> _REQUIREMENT_
Starting with the line that contains "The Australian Cosmetics" and stopping after the line that contains "Vintage 1977-Womens-Fitted-Tee-kg07", return each line below exactly as written, with no others.

(Stored entries)
_ _ _ _ _

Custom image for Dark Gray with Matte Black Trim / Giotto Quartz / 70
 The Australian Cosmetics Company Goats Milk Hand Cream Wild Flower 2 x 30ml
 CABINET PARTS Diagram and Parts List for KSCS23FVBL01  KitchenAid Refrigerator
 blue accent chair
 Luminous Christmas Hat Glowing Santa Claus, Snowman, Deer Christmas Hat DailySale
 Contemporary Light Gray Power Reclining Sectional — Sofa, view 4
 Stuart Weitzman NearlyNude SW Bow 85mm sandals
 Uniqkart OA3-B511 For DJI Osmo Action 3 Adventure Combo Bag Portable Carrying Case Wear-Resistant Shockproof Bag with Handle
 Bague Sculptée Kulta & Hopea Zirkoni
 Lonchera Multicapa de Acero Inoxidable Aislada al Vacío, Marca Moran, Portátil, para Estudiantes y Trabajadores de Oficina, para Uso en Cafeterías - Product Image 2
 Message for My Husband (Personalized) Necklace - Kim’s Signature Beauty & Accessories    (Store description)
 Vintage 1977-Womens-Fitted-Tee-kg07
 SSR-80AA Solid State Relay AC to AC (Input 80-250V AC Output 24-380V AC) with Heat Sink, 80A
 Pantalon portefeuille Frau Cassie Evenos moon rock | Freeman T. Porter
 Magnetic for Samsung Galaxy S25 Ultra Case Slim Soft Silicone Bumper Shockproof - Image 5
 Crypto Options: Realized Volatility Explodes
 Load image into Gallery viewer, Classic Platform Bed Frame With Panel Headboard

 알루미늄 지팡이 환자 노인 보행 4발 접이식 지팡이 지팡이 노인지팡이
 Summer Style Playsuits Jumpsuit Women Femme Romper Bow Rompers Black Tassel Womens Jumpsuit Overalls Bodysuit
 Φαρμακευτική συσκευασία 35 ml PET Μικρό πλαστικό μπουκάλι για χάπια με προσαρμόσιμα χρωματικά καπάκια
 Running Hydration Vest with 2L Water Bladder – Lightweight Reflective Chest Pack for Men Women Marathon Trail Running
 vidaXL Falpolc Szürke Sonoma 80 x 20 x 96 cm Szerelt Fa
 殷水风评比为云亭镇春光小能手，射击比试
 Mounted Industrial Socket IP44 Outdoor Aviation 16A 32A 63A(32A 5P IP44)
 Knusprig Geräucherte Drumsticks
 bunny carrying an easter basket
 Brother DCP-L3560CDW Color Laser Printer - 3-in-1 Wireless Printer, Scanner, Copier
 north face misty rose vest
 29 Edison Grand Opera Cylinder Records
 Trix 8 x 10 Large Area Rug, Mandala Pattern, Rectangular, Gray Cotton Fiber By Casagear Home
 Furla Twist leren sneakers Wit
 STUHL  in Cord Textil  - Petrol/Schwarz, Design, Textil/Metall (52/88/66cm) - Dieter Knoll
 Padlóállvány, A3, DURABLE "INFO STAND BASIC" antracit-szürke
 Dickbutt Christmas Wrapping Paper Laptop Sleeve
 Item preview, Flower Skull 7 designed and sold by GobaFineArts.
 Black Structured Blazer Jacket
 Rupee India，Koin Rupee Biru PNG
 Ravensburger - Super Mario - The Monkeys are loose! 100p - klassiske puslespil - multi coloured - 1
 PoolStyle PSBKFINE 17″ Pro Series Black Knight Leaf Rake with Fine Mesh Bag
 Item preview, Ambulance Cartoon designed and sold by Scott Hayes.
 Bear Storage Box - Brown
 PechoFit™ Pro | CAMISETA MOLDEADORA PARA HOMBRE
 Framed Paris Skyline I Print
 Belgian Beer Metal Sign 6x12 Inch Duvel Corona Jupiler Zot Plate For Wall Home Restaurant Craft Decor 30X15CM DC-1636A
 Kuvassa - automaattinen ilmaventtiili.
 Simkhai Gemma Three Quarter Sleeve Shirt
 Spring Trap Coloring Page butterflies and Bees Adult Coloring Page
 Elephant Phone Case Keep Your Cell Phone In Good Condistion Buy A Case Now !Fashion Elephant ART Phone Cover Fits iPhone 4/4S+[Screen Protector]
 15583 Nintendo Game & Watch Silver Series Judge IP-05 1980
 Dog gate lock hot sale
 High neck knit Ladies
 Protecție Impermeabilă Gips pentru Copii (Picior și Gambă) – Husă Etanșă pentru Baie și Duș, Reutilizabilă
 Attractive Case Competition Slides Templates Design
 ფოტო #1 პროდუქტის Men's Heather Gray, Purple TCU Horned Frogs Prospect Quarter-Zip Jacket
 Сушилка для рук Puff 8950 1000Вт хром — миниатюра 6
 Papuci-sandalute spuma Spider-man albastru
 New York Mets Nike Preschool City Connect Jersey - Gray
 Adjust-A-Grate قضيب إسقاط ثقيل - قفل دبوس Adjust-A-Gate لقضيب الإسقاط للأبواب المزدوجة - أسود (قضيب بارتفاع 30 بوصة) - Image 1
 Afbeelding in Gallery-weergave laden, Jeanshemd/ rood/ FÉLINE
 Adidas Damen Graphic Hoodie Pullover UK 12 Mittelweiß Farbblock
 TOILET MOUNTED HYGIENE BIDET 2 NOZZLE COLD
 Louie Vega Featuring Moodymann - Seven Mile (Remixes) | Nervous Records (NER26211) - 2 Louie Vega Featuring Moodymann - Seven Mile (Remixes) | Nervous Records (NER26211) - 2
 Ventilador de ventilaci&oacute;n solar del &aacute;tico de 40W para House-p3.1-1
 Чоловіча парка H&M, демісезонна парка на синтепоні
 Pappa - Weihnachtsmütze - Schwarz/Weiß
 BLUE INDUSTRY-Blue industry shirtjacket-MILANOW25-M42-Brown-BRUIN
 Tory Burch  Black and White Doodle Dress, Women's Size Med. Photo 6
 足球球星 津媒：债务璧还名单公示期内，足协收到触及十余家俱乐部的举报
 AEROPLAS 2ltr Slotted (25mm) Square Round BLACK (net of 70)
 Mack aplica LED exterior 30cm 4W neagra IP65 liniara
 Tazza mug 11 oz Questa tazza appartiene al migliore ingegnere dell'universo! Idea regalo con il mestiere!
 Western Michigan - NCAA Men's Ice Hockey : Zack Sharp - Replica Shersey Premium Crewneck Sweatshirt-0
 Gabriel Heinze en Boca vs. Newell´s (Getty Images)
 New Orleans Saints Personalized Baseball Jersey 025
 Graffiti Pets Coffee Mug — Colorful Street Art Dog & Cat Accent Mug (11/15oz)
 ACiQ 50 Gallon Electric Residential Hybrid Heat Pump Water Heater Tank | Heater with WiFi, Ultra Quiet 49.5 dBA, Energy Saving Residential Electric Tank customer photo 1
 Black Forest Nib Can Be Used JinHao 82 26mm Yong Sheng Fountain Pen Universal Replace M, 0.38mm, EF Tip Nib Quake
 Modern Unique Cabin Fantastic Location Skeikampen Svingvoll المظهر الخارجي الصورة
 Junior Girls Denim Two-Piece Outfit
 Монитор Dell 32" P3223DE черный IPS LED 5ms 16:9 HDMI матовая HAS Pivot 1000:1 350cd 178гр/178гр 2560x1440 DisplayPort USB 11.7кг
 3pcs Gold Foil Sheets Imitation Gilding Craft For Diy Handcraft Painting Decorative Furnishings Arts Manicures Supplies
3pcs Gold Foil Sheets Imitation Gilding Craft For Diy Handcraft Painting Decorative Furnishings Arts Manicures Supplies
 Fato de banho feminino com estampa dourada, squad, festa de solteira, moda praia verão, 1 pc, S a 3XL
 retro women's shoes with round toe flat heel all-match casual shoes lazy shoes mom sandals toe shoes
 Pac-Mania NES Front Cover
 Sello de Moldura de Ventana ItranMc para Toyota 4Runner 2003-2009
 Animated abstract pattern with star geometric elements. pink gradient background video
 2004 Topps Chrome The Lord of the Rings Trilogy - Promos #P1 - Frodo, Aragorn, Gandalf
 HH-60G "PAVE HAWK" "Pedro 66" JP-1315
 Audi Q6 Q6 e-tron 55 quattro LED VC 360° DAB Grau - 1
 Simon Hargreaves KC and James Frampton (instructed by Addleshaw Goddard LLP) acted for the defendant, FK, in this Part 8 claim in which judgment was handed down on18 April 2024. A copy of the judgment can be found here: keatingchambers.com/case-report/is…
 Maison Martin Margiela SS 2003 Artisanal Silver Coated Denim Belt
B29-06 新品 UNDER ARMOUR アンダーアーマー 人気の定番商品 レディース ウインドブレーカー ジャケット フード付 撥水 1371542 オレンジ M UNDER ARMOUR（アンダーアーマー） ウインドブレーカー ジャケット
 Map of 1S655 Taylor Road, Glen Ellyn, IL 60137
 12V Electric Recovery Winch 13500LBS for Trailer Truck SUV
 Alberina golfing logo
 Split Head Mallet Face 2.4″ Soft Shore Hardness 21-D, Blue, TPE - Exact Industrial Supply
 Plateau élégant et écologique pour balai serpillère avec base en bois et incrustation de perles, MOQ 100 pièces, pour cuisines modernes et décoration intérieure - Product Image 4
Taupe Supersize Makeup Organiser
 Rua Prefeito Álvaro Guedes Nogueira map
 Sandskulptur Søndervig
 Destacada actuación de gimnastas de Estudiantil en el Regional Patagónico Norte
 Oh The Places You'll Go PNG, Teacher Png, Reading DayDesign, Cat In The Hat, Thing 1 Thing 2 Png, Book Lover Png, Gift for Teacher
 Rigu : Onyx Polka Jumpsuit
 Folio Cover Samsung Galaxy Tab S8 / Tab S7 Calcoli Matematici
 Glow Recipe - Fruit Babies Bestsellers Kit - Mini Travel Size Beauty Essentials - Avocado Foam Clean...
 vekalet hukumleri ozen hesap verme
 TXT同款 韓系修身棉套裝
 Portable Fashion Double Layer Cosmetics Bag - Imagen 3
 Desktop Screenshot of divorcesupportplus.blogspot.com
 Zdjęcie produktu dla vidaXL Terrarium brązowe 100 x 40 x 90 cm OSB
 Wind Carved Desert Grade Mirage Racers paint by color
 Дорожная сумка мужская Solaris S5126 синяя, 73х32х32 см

_ _ _ _ _

> _ANSWER SPACE_
 The Australian Cosmetics Company Goats Milk Hand Cream Wild Flower 2 x 30ml
 CABINET PARTS Diagram and Parts List for KSCS23FVBL01  KitchenAid Refrigerator
 blue accent chair
 Luminous Christmas Hat Glowing Santa Claus, Snowman, Deer Christmas Hat DailySale
 Contemporary Light Gray Power Reclining Sectional — Sofa, view 4
 Stuart Weitzman NearlyNude SW Bow 85mm sandals
 Uniqkart OA3-B511 For DJI Osmo Action 3 Adventure Combo Bag Portable Carrying Case Wear-Resistant Shockproof Bag with Handle
 Bague Sculptée Kulta & Hopea Zirkoni
 Lonchera Multicapa de Acero Inoxidable Aislada al Vacío, Marca Moran, Portátil, para Estudiantes y Trabajadores de Oficina, para Uso en Cafeterías - Product Image 2
 Message for My Husband (Personalized) Necklace - Kim’s Signature Beauty & Accessories    (Store description)
 Vintage 1977-Womens-Fitted-Tee-kg07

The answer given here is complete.